Short text fragments from websites:
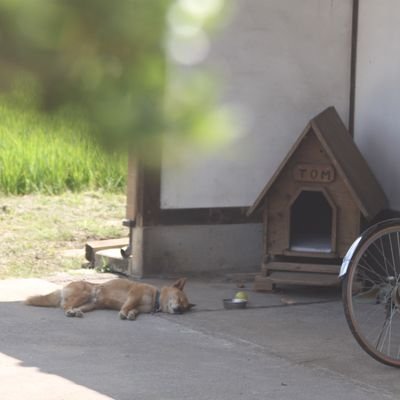 tomoki301's profile picture. 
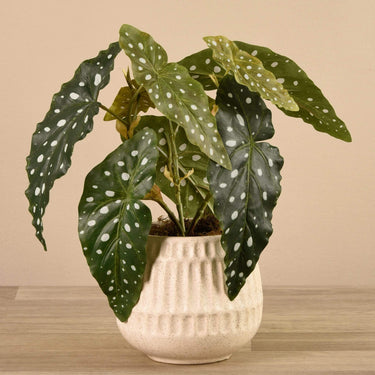 Plants-Potted Maculata-Bloomr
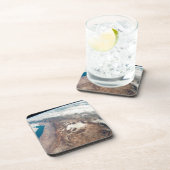 アタカマ砂漠とアンデスの塩フラッツ コースター (右側)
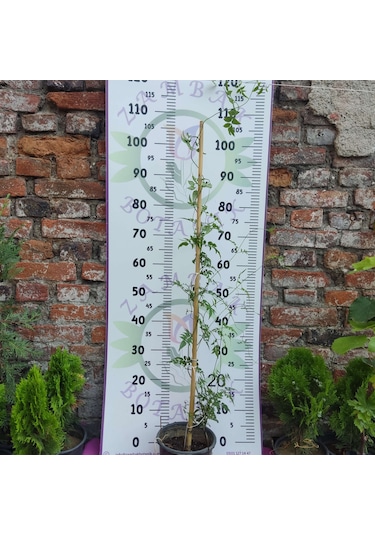 Jasminum Polyanthum - Hoş Kokulu Ve Gösterişli Çiçekli Bitki Şam Yasemini Değil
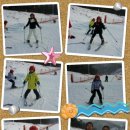 용인대석사체육관 이미지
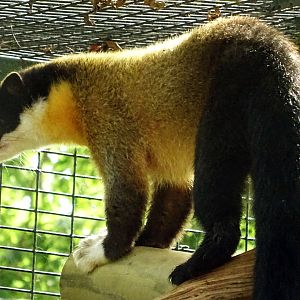 Yellow-Throated Marten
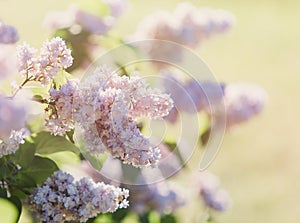 Blooming pink lilac bush at spring time with sunlight. Blossoming pink and violet lilac flowers. Spring season, nature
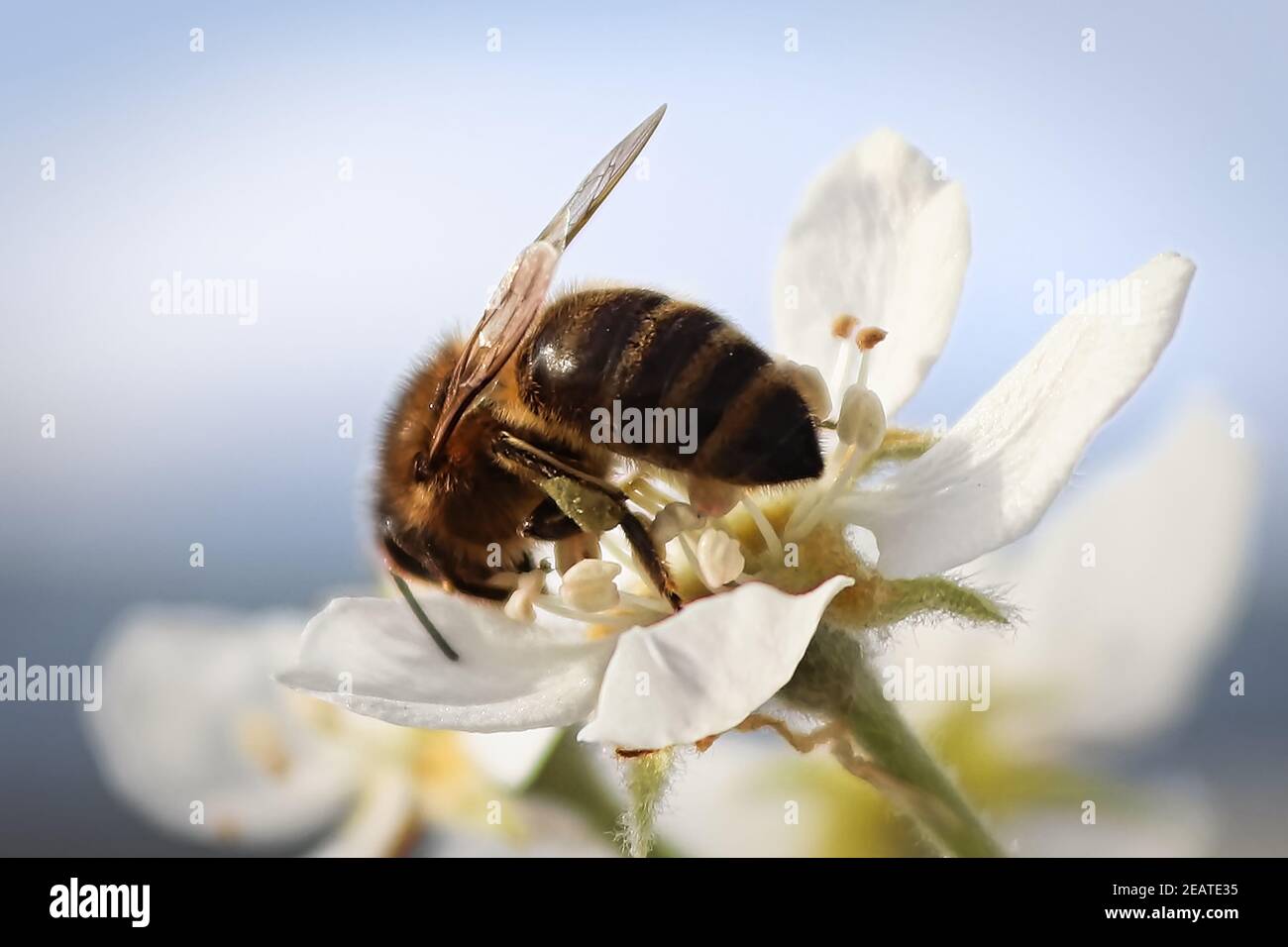 Macro di un'ape che impollinava un fiore di pera Foto Stock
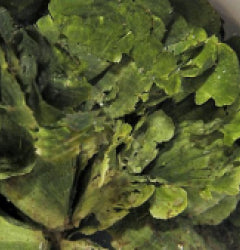 Halimeda spp.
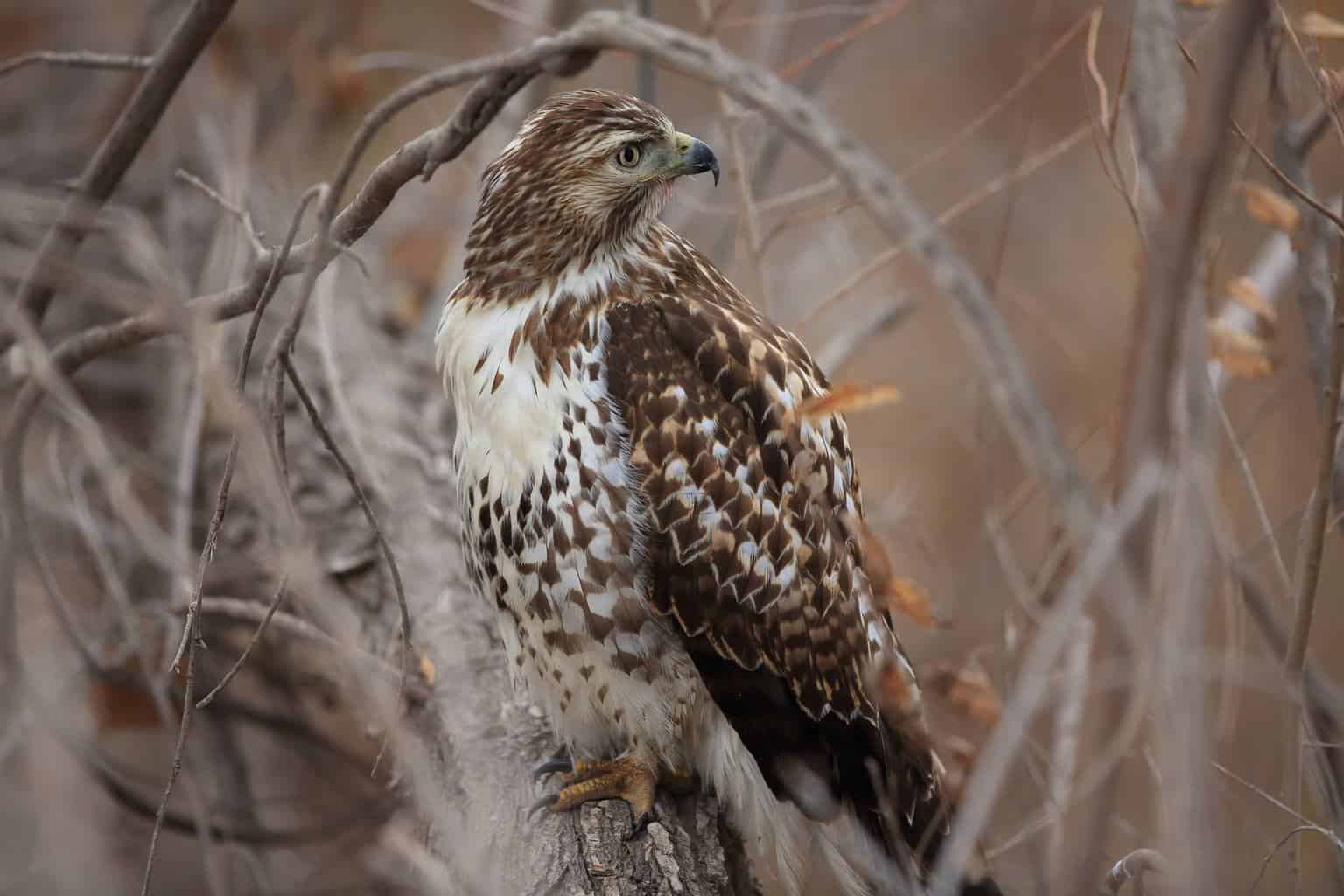 Red-Tailed Hawk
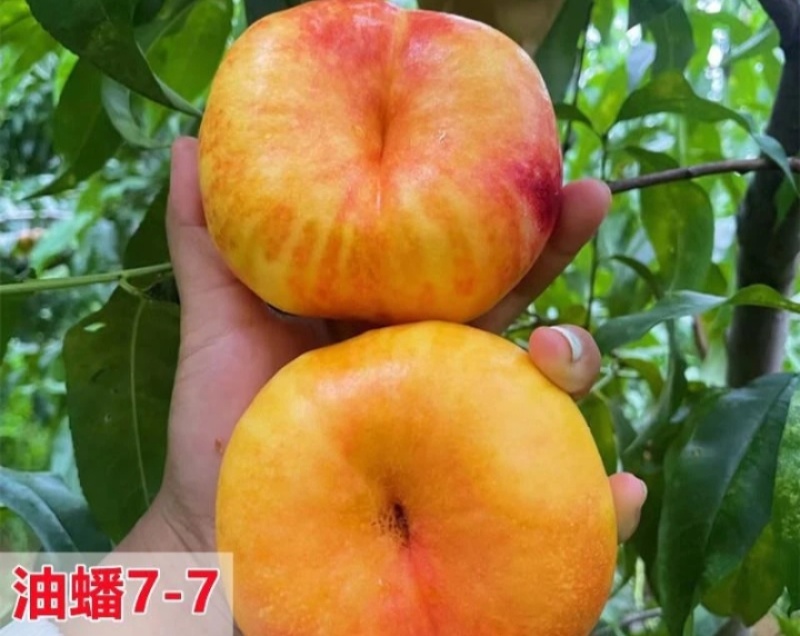 黄油蟠桃7-7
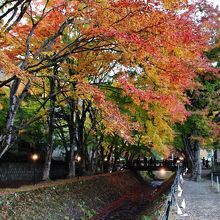 川沿いのモミジの並木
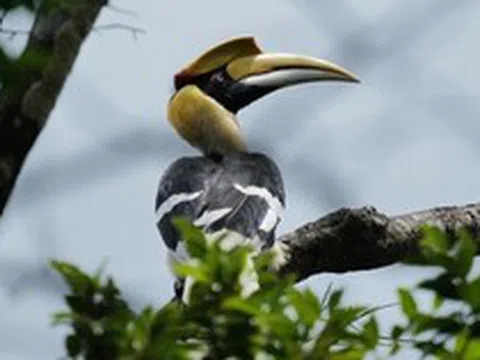 Bất ngờ ghi nhận "báu vật hồng hoàng" lần đầu xuất hiện tại VQG Chư Mom Ray: Được bảo vệ nghiêm ngặt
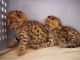 Bengal Cats for sale in Ontario St, Vancouver, BC, Canada. price: $1,600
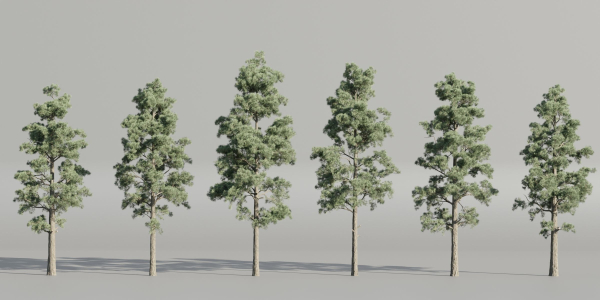 Pine trees collection vol 245-Blender
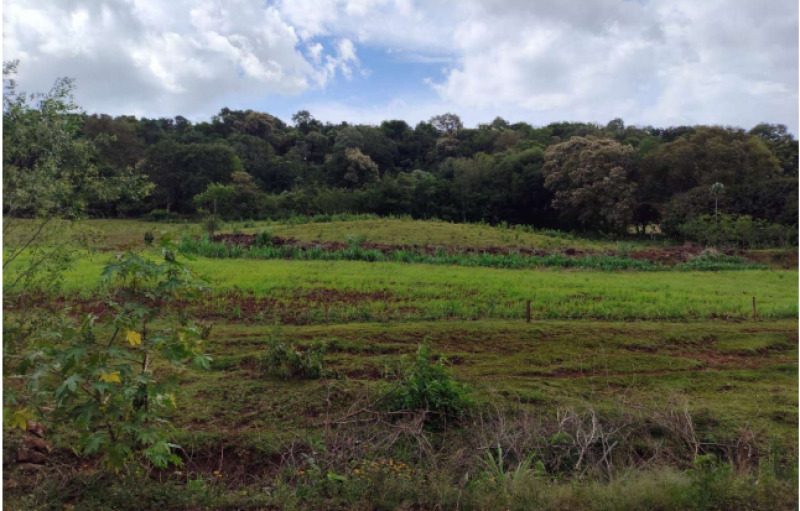 Lote n° 178 da gleba 33 com área de 29.000m² em santa izabel do oeste/pr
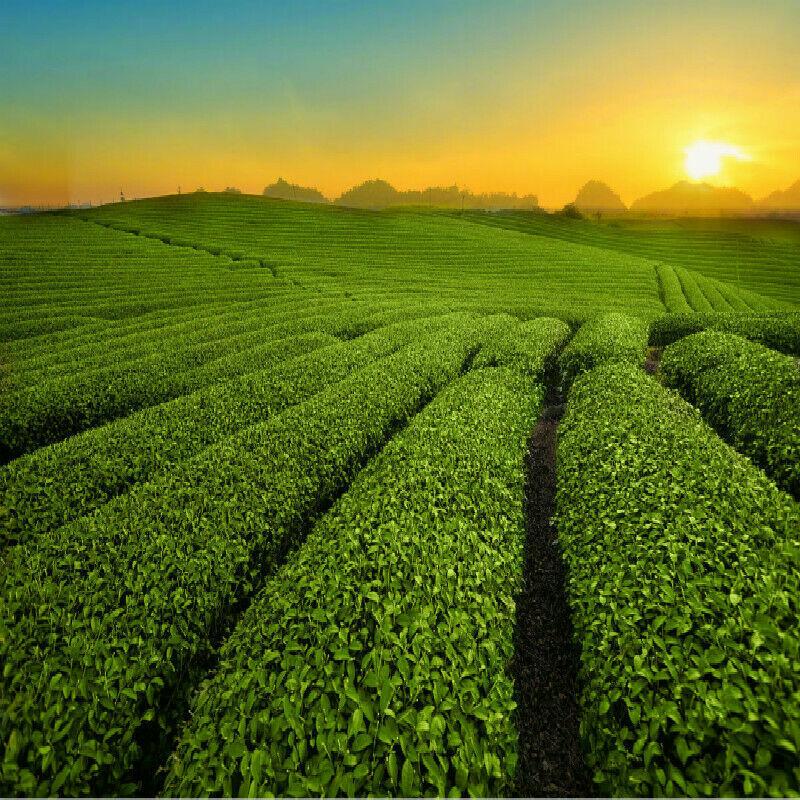 Fresh Biluochun Green Tea Organic Herbal Drink 250g Premium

_What this task involves_.
Omit the pictures, then give all the lines above again exactly.

_Solved problem_.
 tomoki301's profile picture. 
 Plants-Potted Maculata-Bloomr
 アタカマ砂漠とアンデスの塩フラッツ コースター (右側)
 Jasminum Polyanthum - Hoş Kokulu Ve Gösterişli Çiçekli Bitki Şam Yasemini Değil
 용인대석사체육관 이미지
 Yellow-Throated Marten
 Blooming pink lilac bush at spring time with sunlight. Blossoming pink and violet lilac flowers. Spring season, nature
 Macro di un'ape che impollinava un fiore di pera Foto Stock
 Halimeda spp.
 Red-Tailed Hawk
 黄油蟠桃7-7
 川沿いのモミジの並木
 Bất ngờ ghi nhận "báu vật hồng hoàng" lần đầu xuất hiện tại VQG Chư Mom Ray: Được bảo vệ nghiêm ngặt
 Bengal Cats for sale in Ontario St, Vancouver, BC, Canada. price: $1,600
 Pine trees collection vol 245-Blender
 Lote n° 178 da gleba 33 com área de 29.000m² em santa izabel do oeste/pr
 Fresh Biluochun Green Tea Organic Herbal Drink 250g Premium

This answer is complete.